▼▼▼
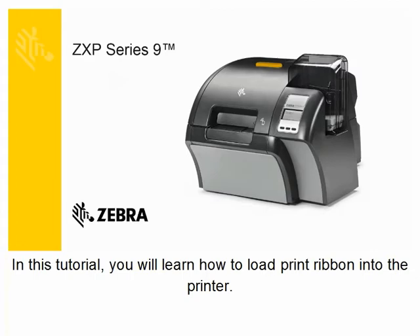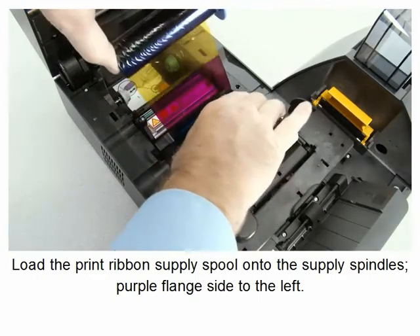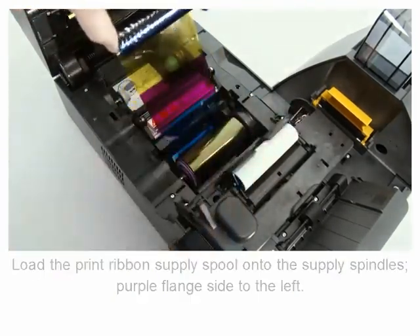In this tutorial you will learn how to load print ribbon into the printer. Load the print ribbon supply spool onto the supply spindles, purple flange side to the left.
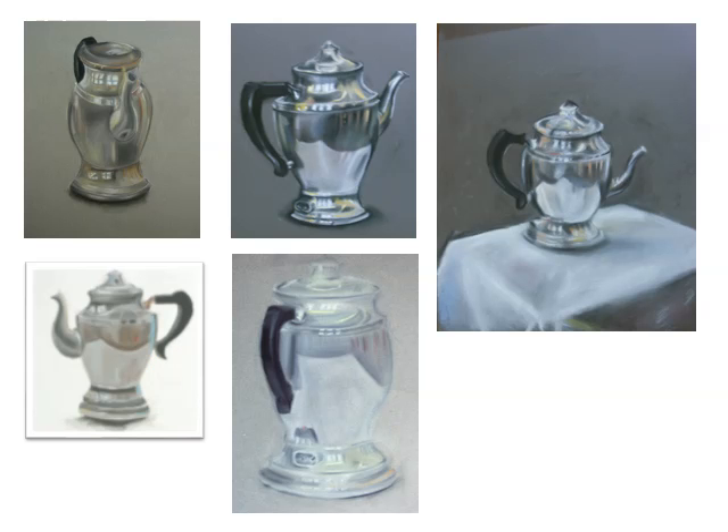Here are some student examples of work at the quality level that is expected to be achieved. Notice they've got the refractions of the subject correct, they have the difference in value correct, and they have all the complex grays visible in their object. This is the struggle you are undertaking. You only have to draw a single subject, though, so that will save you a lot of time. You don't have to draw a background. I would like it if you did situate it in space, though. And because it's a single subject, you should be spending 90% of your time getting as much detail as you can out of that subject.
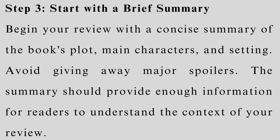Step 3: Start with a brief summary. Begin your review with a concise summary of the book's plot, main characters, and setting. Avoid giving away major spoilers. The summary should provide enough information for readers to understand the context of your review.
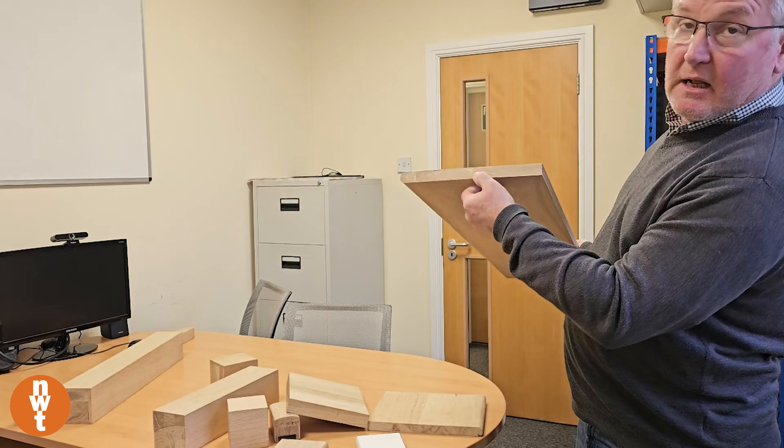Regarding the handrail, we have two designs. We have what we call the square design — you can have this with a rebate out or you can have it as a full flat surface. Or we have a traditional handrail as well, so you've got a better grip on that. This is becoming very, very popular because it's a more modern, sleek type of handrail.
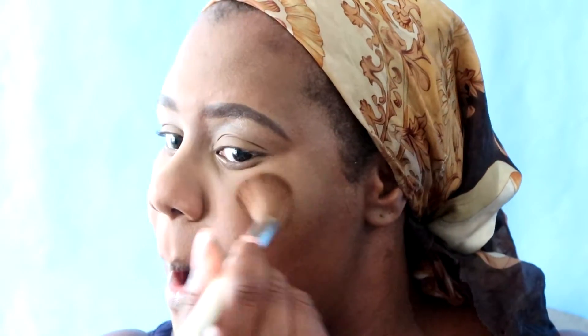I'm just going to dust off any excess powder from under my eye, over my mouth, and down the bridge of my nose. Now I'm going in with my Black Radiance ebony bronzer and just going to bronze up the face.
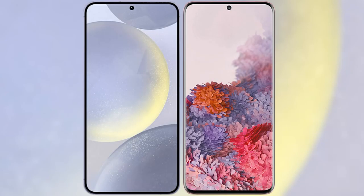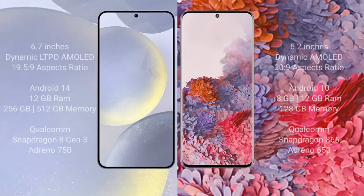I will compare the new Samsung Galaxy S24 Plus with the Samsung Galaxy S20. The Samsung Galaxy S24 Plus comes with a 6.7 inch Dynamic LTPO AMOLED display with an aspect ratio of 19.5 to 9. The Samsung Galaxy S20 comes with a 6.2 inch Dynamic AMOLED display with an aspect ratio of 20 to 9.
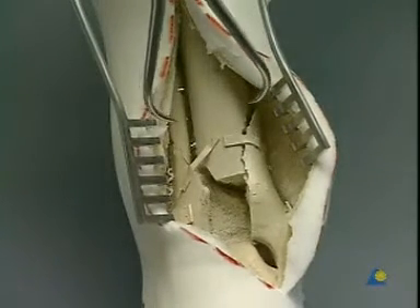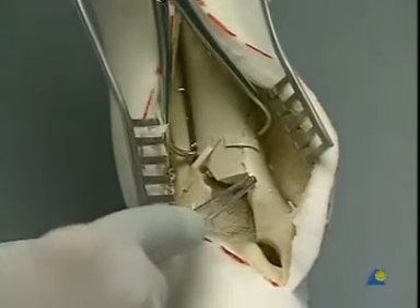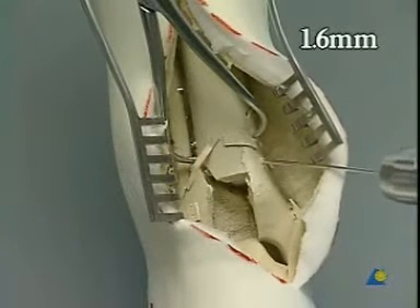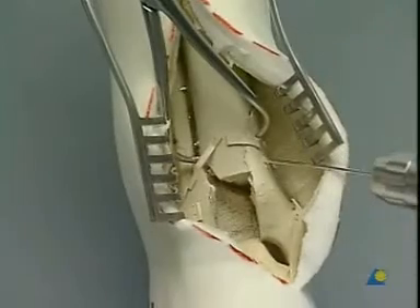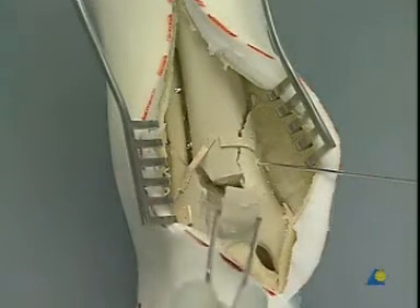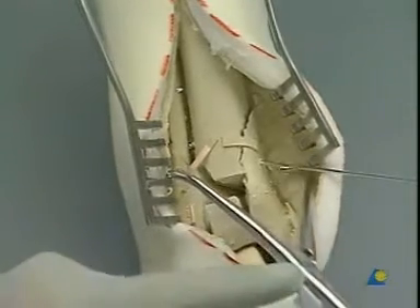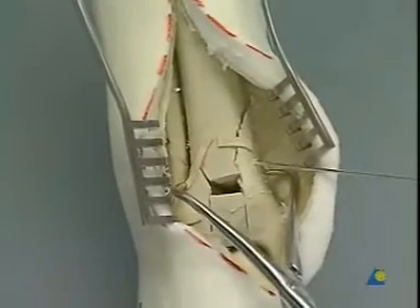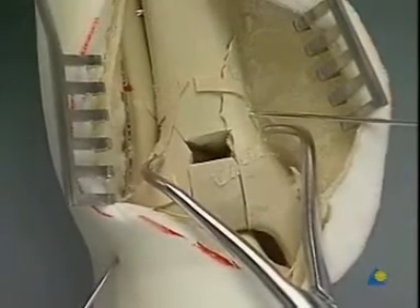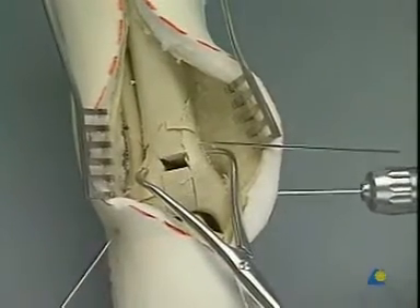We start the reconstruction by reducing the large medial fragment with a pointed reduction forceps or Weber clamp. A 1.6 millimeter K-wire holds the fragments in place. The anterior fragment is put back into place, and again the reduction forceps is used to hold the anterolateral key fragment, while the second K-wire is placed through a stab incision over the tubercule de Chaput. A third K-wire secures the anatomically reduced articular fragments in a transverse direction.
▲▲▲
#### Exercise prompt:
Leave the pictures out. Transcribe exactly the lines from the one with "Regarding the handrail, we" through the end of the records.

#### Result for this task:
Regarding the handrail, we have two designs. We have what we call the square design — you can have this with a rebate out or you can have it as a full flat surface. Or we have a traditional handrail as well, so you've got a better grip on that. This is becoming very, very popular because it's a more modern, sleek type of handrail.
I'm just going to dust off any excess powder from under my eye, over my mouth, and down the bridge of my nose. Now I'm going in with my Black Radiance ebony bronzer and just going to bronze up the face.
I will compare the new Samsung Galaxy S24 Plus with the Samsung Galaxy S20. The Samsung Galaxy S24 Plus comes with a 6.7 inch Dynamic LTPO AMOLED display with an aspect ratio of 19.5 to 9. The Samsung Galaxy S20 comes with a 6.2 inch Dynamic AMOLED display with an aspect ratio of 20 to 9.
We start the reconstruction by reducing the large medial fragment with a pointed reduction forceps or Weber clamp. A 1.6 millimeter K-wire holds the fragments in place. The anterior fragment is put back into place, and again the reduction forceps is used to hold the anterolateral key fragment, while the second K-wire is placed through a stab incision over the tubercule de Chaput. A third K-wire secures the anatomically reduced articular fragments in a transverse direction.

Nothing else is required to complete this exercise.